Public sector computing, which is only about 50% virtualised, is a prime opportunity for Microsoft, says the company's new head of virtualisation for the UK.
Lucas Searle told Computer Weekly that Microsoft was working closely with central government on its G-cloud project. This aims to create vast data centres that will allow departments to share applications such as human resources and accounting, but also allow departments to run their unique applications.
Searle said the tightening government IT plus pressure to deliver front line services more efficiently meant that Microsoft's life-time cost of ownership advantage over VMware should make a compelling argument for cash-strapped public sector CIOs.

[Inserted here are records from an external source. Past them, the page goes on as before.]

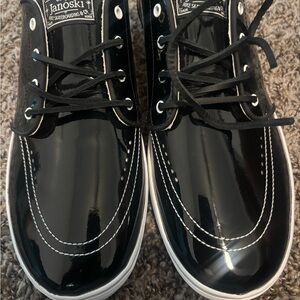 Nike Men’s Black Patent Leather Skate Sneakers with White Stitching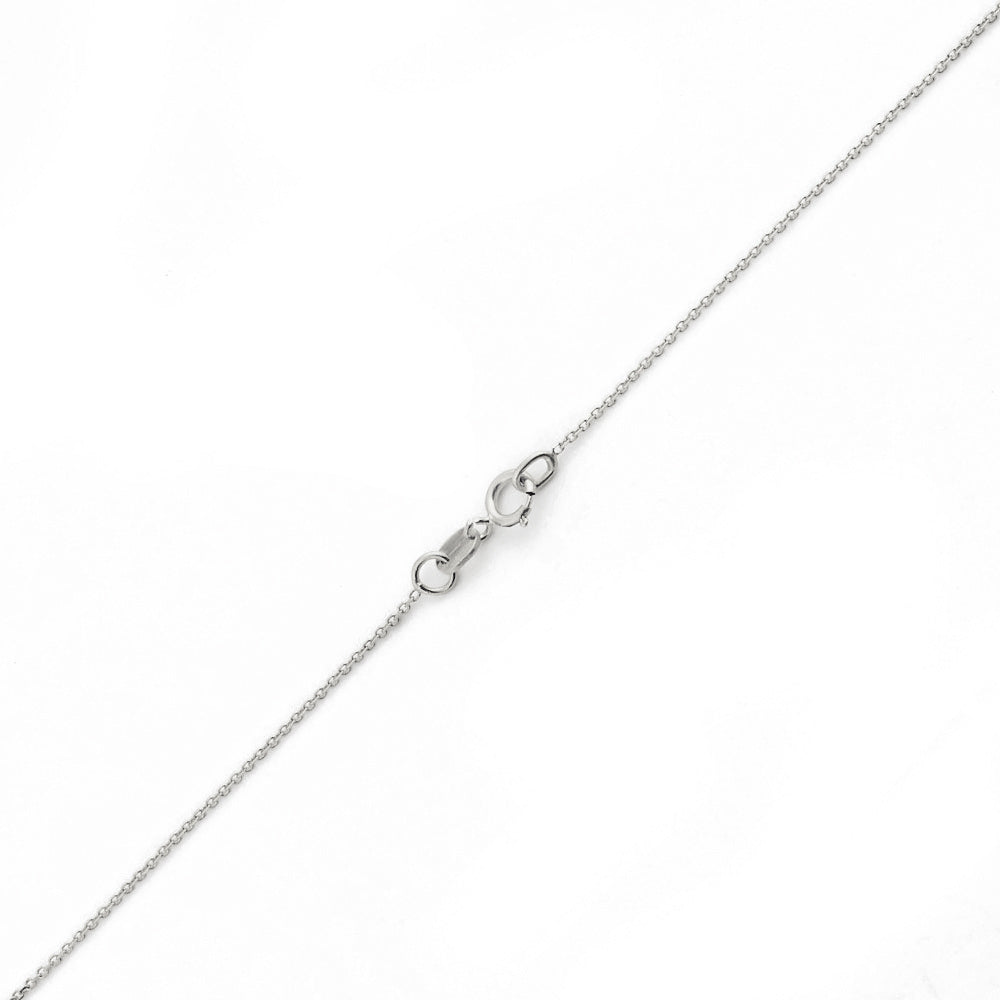10K WHITE GOLD DC ROLO  033 GAUGE 22" CHAIN NECKLACE (AVAILABLE IN LENGTHS 7" - 30")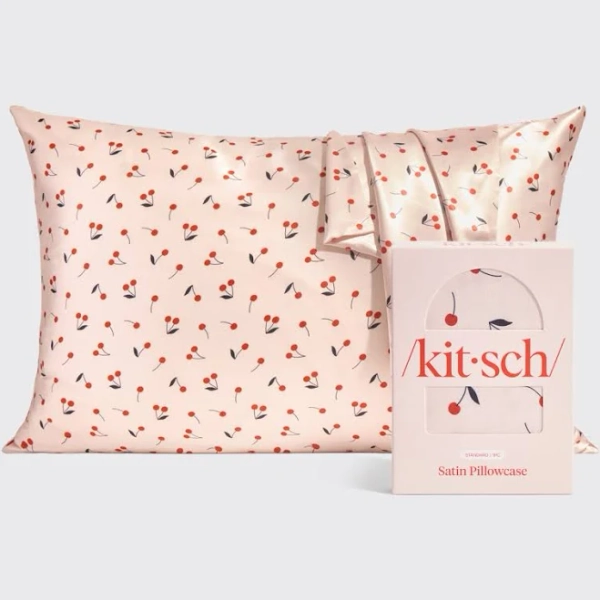 Kit•sch Cherry Print Satin Pillowcase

Searle said virtualising with Microsoft was 24% cheaper out of the box than VMware, and the disparity widened over time to about one-sixth the cost of a similar VMware environment.
He said the public sector lagged enterprises, which had moved faster to virtualise their IT infrastructure, and were now "about 80% virtualised".
Searle said there were good reasons for the delay. "It's not clear that it would be wise to aggregate a lot of data, and we'd want to be sure about the securities involved," he said.
Searle said Microsoft presently had between 20% and 25% of the virtualised enterprise market. VMware probably had 50% to 60% he said.
Those firms that had virtualised their infrastructure had saved a lot on capital and energy costs, but they still had to manage complex environments, he said. How to simplify this and take labour costs out through greater automation of the data centre was becoming the new battleground, he said.
Searle saw a "hybrid" cloud market developing in the UK. CIOs were still sorting out what they could safely put into public clouds, and what they wanted to retain in private clouds or in-house data centres.
"This is a cultural issue for companies," he said. "Much depends on the IT maturity of the organisation."
Searle acknowledged that the partnership between VMware, Cisco and EMC represented a strong challenge. But he said Microsoft's "strong and growing relationship" with HP was standing firm. "About half the servers shipped into data centres are HP's," he said.